Screening questionnaires or clinical prediction tools from the Centers for
Disease Control and Prevention (CDC) and other sources were largely unreliable,
however.
Chelation treatments seemed to cause more harm than good. One good
quality study found a small but significant link between dimercaptosuccinic acid
chelation therapy and decreases in height growth and cognitive function in
children ages 12 to 33 months with blood lead concentrations between 20 and 44
μg/dL. The therapy has been known to cause a wide range of gastrointestinal
systems, headache, hypertension, tachycardia, tremors, fever, and other
symptoms.
The effects of lead exposure in younger children and pregnant women
can be devastating on growth and development, Krist acknowledged.

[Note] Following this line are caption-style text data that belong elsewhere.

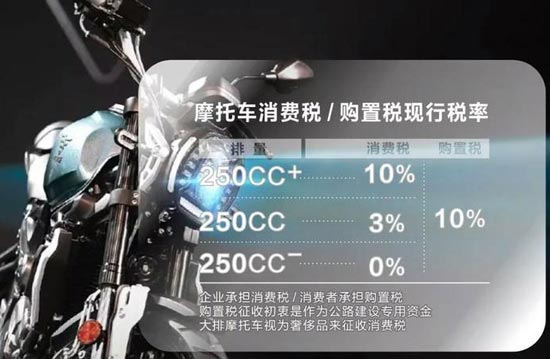 摩托車消費稅稅率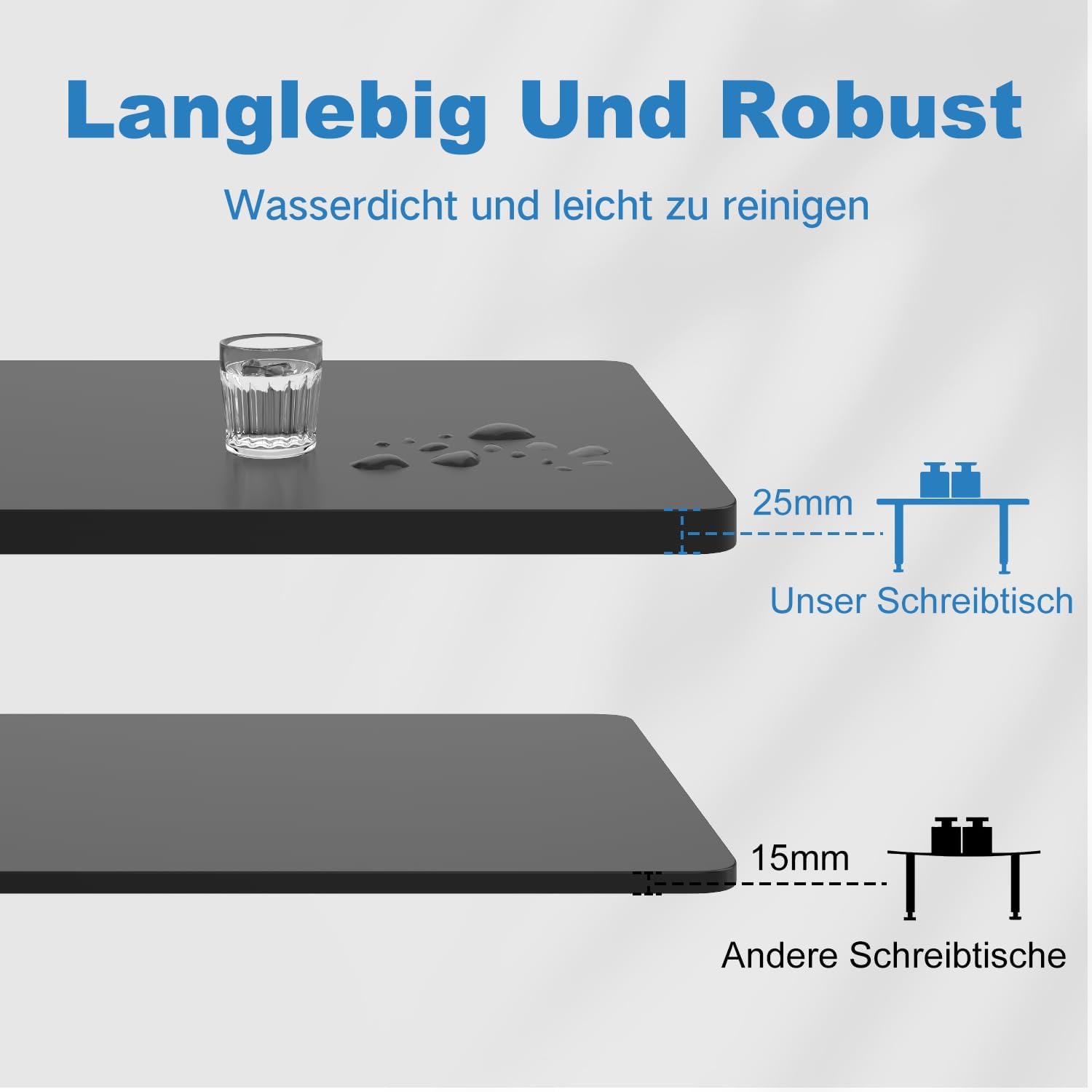Devoko Höhenverstellbarer Schreibtisch mit 2 Motoren，25mm Einteilige Tischplatte, 160x80 cm Elektrisch Computertisch mit Kabel Management, Vintagebraun - Perfekte Ergonomie für Dein Büro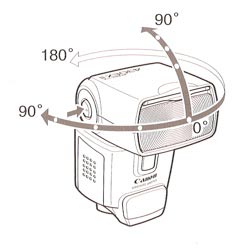 Canon Speedlite 430EX II flash: head movements, a page from manual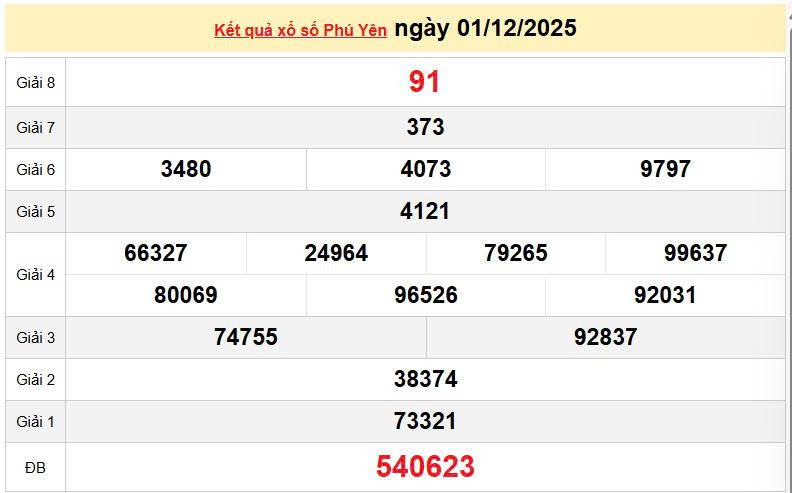 XSPY 1/12, KQXSPY 1/12, kết quả xổ số Phú Yên ngày 1/12/2025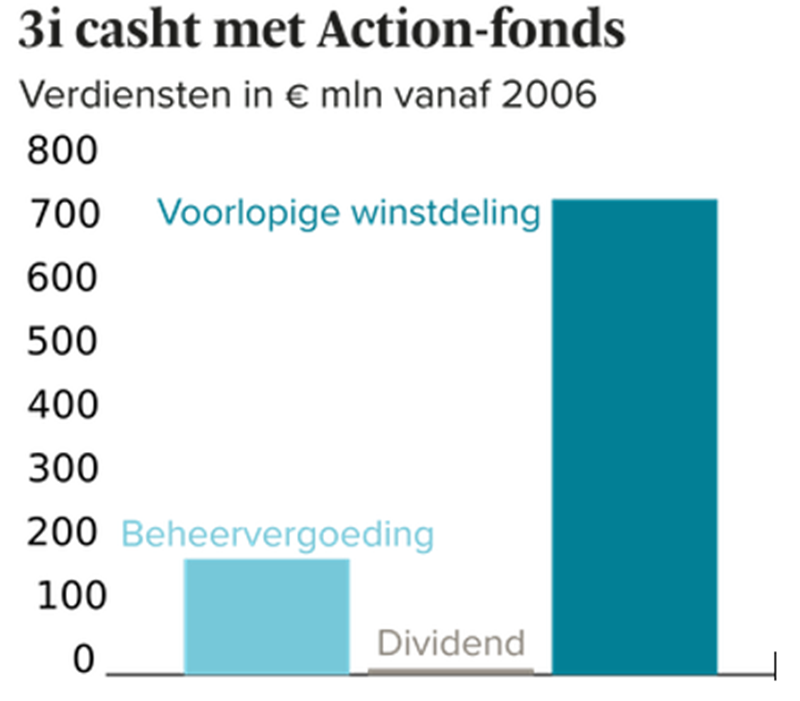 We zitten er samen in, en we komen er alleen samen weer uit!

“Unfortunately, right now there is not enough evidence to tell us what primary
care clinicians can do to help prevent and treat the health problems that can
result from lead exposure in childhood and pregnancy,” he said.
Krist offered
that clinical labs might see a slight increase in typical blood tests for lead
exposure, now that USPSTF has eased off from recommending against screening
average risk children and pregnant women.
“USPSTF highlights an important
conclusion—there are key gaps in the evidence base regarding screening for
elevated lead levels,” wrote Adam J. Spanier, MD, PhD, MPH, Pat McLaine, DrPH,
RN, and Robyn C. Gilden, PhD, RN, in a related editorial. However, this
shouldn’t indicate that screening is obsolete, they and other commentators
indicated.
“The statement should serve as rationale for funding agencies to
direct resources to the gaps in the literature regarding screening and
intervention. It also should encourage clinicians and policymakers to review
guidance of other organizations, including state and local public health
departments, that might use differing methods for evidence evaluation,” wrote
Spanier and colleagues.
The task force’s update represents a significant
departure from the more specific recommendations of major medical groups. The
American Academy of Family Physicians (AAFP), for instance, recommends against
routine screening for elevated blood lead levels in young, asymptomatic children
at average risk or in asymptomatic pregnant women.
While AAFP claims the
evidence is insufficient to screen high-risk children, the CDC, the Medicaid
program, and the American Academy of Pediatrics (AAP) all support universal
blood lead testing of children in some capacity. AAP recommends screening in
accordance with federal, state, and local requirements, particularly in children
who live in areas with a high prevalence of lead hazards, or in high-risk
demographic groups such as immigrant or refugee children. AAP’s journal
Pediatrics recently reported that young refugee children resettled in the United
States are ten times more likely than native children of the same age to have
elevated blood lead levels. CDC recommends that refugee children between the
ages of 6 months to 16 years get screened upon arrival in the United States,
retesting younger children several months after arrival.
The American College
of Obstetricians and Gynecologists calls for screening in at-risk pregnant women
and blood tests in the event that any of 12 risk factors for lead exposure are
found.
For now, the guidance of AAP, CDC, and local, state, and federal
regulations “remains indispensable,” wrote Michael Weitzman, MD in a separate
commentary in JAMA Pediatrics. “Only more rigorously conducted research will
provide evidence-based answers to these questions.”